◆ **AIM OF THE TASK**
Copy the lines running from the one that contains "Sibley Halterneck Tiered Ruffle Maxi Dress" to the end of the entries below, exactly and with no pictures.

-*-*-

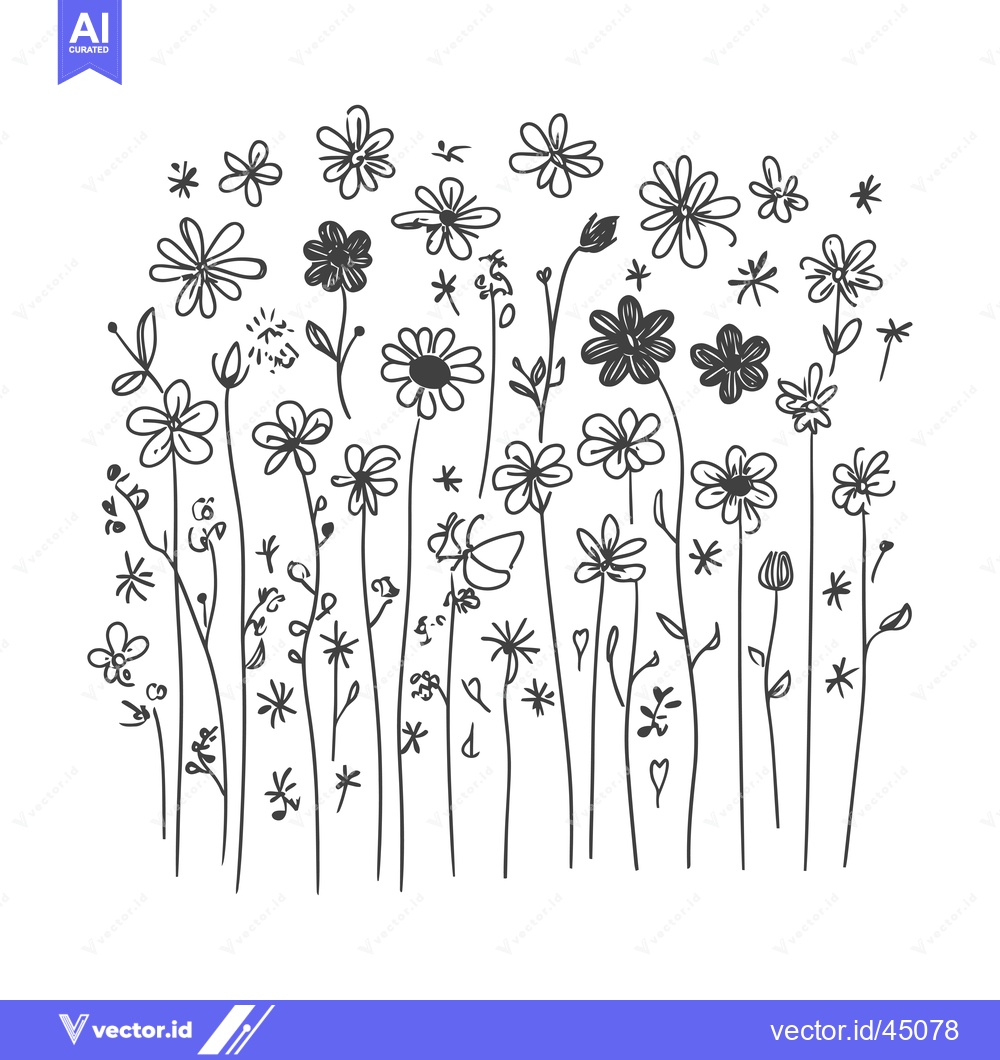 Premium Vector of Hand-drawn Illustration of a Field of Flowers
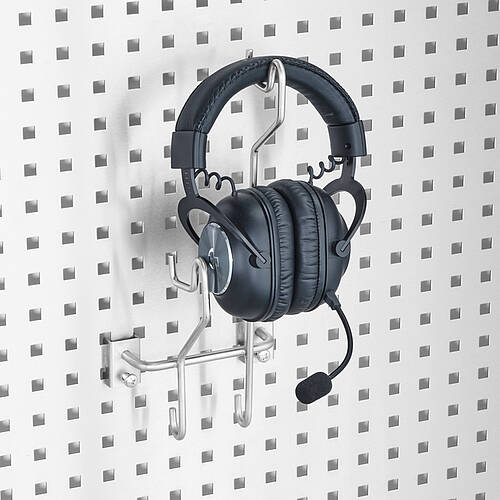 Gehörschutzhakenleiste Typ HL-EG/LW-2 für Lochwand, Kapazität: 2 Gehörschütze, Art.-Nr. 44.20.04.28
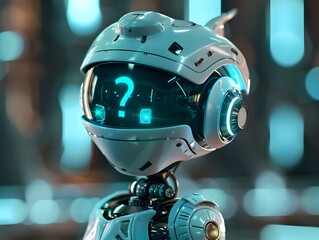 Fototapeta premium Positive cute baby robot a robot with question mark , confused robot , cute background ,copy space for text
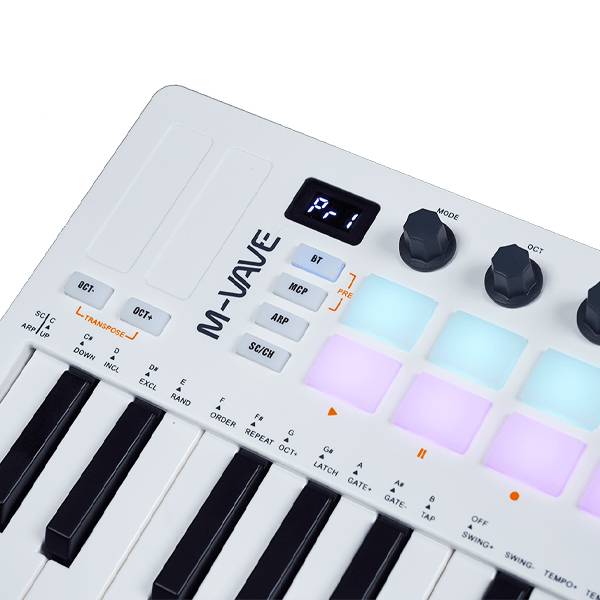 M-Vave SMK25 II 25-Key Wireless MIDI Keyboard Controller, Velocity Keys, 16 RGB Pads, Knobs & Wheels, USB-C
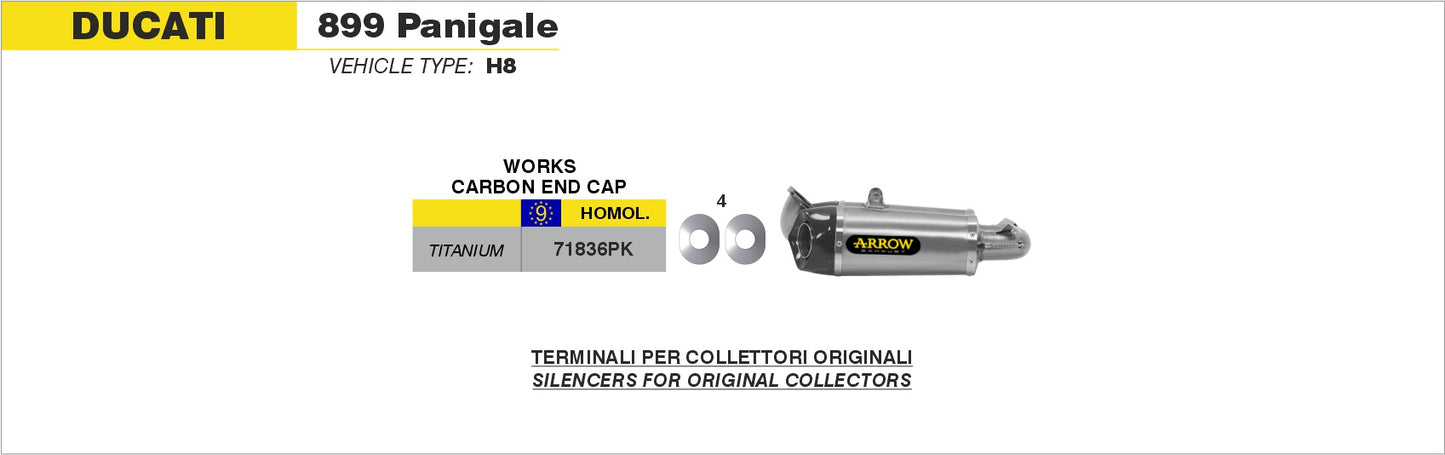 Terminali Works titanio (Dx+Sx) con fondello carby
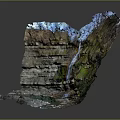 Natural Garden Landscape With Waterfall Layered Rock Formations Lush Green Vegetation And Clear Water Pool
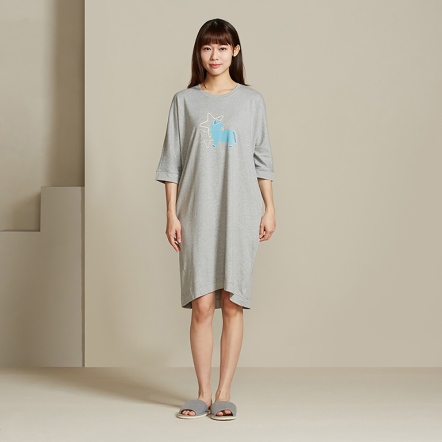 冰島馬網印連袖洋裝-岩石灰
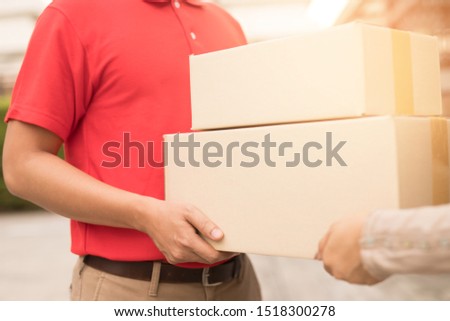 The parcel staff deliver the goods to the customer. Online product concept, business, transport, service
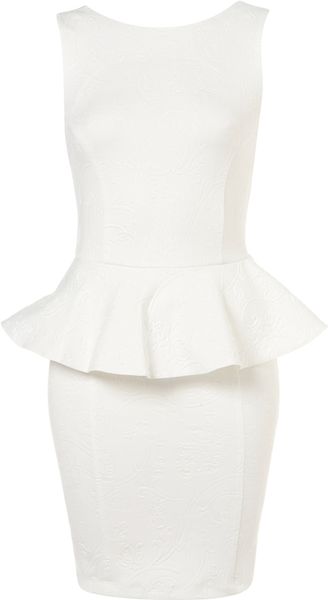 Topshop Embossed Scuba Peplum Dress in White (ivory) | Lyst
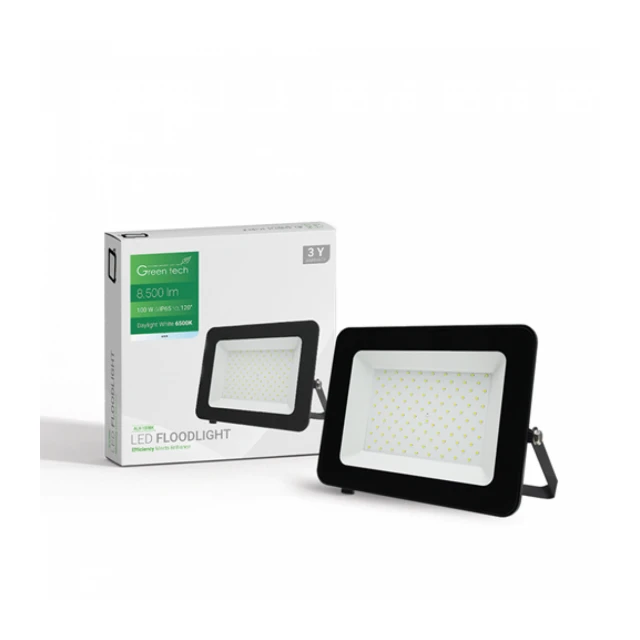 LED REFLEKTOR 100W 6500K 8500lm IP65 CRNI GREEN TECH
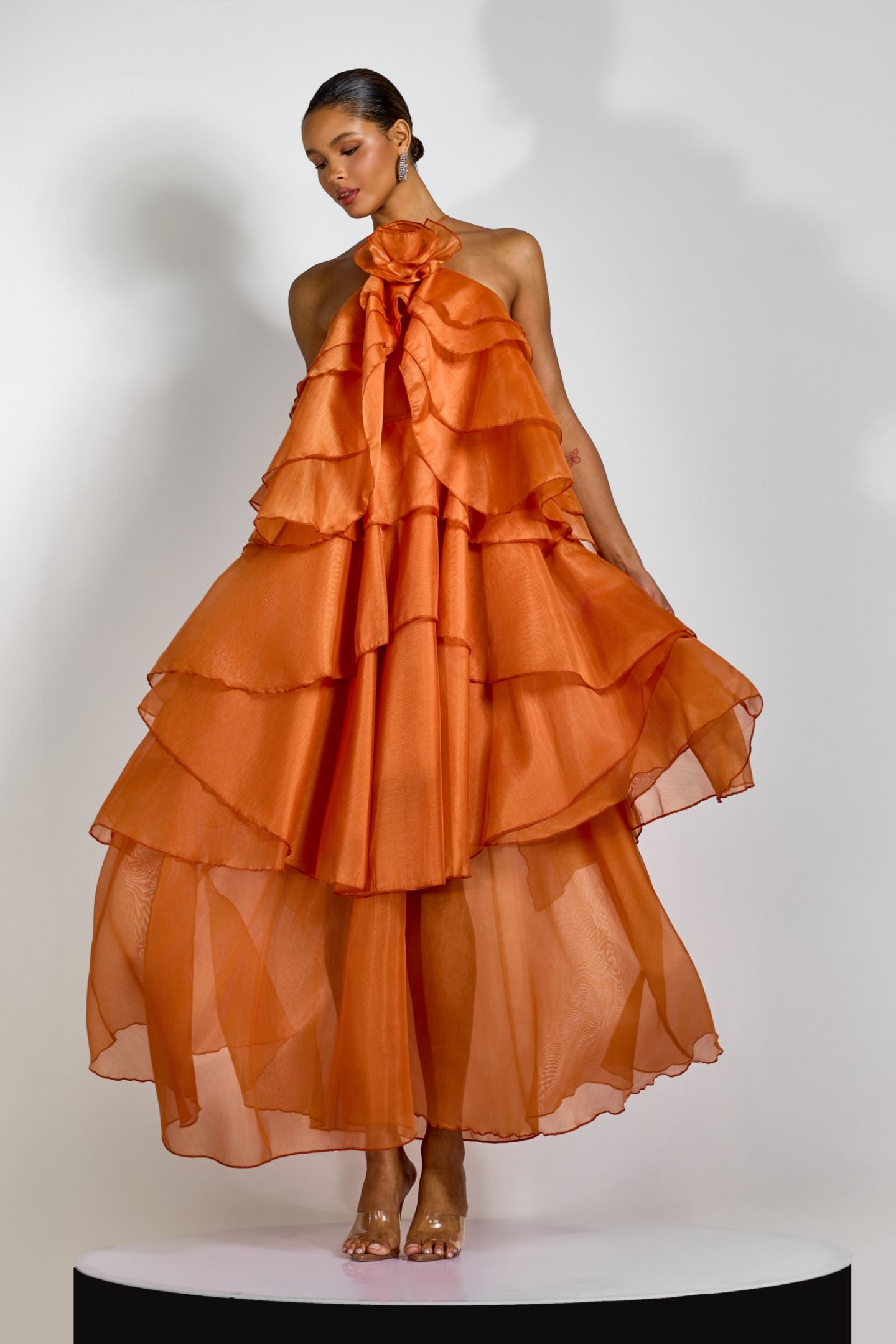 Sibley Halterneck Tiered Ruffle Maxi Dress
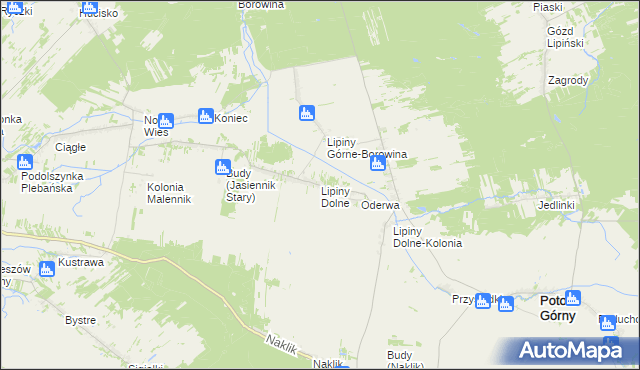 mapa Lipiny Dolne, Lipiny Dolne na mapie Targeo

-*-*-

◆ **ANSWER TO THE EXERCISE**
 Sibley Halterneck Tiered Ruffle Maxi Dress
 mapa Lipiny Dolne, Lipiny Dolne na mapie Targeo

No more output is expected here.